Running Out of Apertures


Today’s Question: During your workshop in the Palouse you said that when you are shooting in Shutter Priority mode you run the risk of “running out” of apertures, while in Aperture Priority mode you don’t have as much risk of running out of shutter speeds. Can you clarify what you meant by this, as the more I think about it after the fact the less I understand! Thank you.

Tim’s Quick Answer: Put simply, with a typical lens you have a smaller range of aperture settings compared to shutter speed options for your camera, providing more flexibility when using Aperture Priority mode compared to Shutter Priority mode.

More Detail: Let’s consider a couple of relatively typical examples for the range of available apertures and shutter speeds.

A typical lens might offer a range of apertures from f/2.8 when the aperture is wide open to f/22 when the aperture is stopped down to the minimum aperture size. In one-stop increments the available aperture settings would be f/2.8, f/4, f/5.6, f/8, f/11, f/16, and f/22. That’s a total range of six stops between the largest and smallest aperture size.
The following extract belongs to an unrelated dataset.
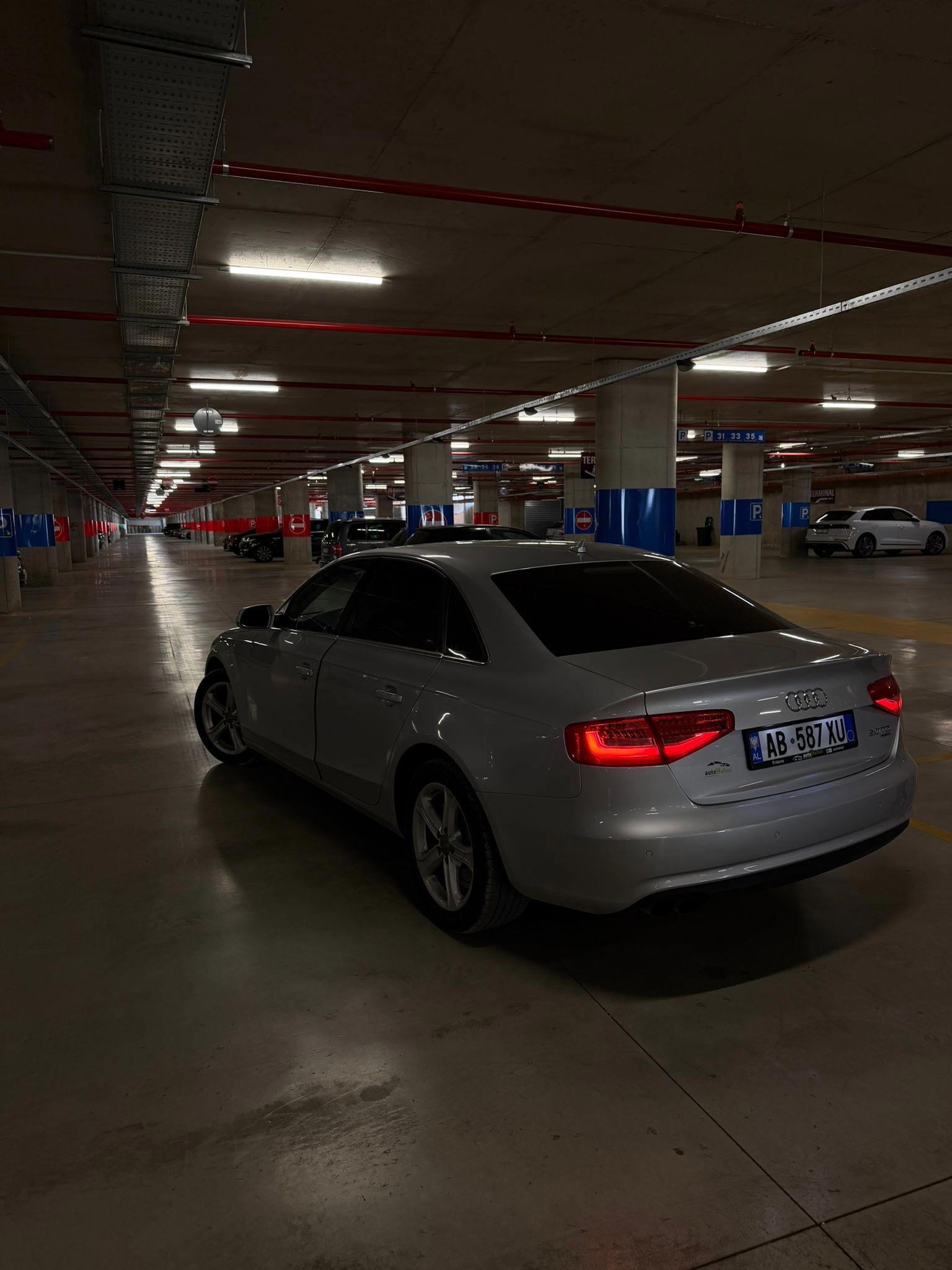 Audi A4 - photo 3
A typical digital SLR might offer a range of shutter speeds that go from 1/8000th of a second for the shortest exposure duration to 30 seconds for the longest exposure duration (with longer exposures possible through the use of a cable release). In one-stop increments there are a total of nineteen shutter speeds to choose from, representing a range of eighteen stops. That’s three times the exposure range (eighteen stops versus six stops) for shutter speeds compared to aperture settings.

What all this means is that when you set a fixed shutter speed in Shutter Priority mode, you are at a greater risk of “running out” of aperture options. There is less risk with Aperture Priority mode, because there are more shutter speed options available.

Of course, it is also important to keep in mind that for a given scene you may want to limit your exposure settings significantly compared to the many options available. For example, for a fast moving subject you may want to use a shutter speed of 1/125th of a second or faster, greatly reducing the total number of shutter speed options available to you.

The key is to be aware of what settings will work best when photographing a given subject, and anticipating when you might run into a limit based on the exposure mode or specific settings you’ve used.

During my Palouse Photo Workshop, for example, we had the opportunity to photograph crop duster aircraft spraying fields of crops. Due to the rotational speed of the propeller, a shutter speed of about 1/250th of a second was ideal. If the ISO setting on the camera had been set to 800, for example, even the smallest aperture size (f/22 in the example cited above) would result in an over-exposed image.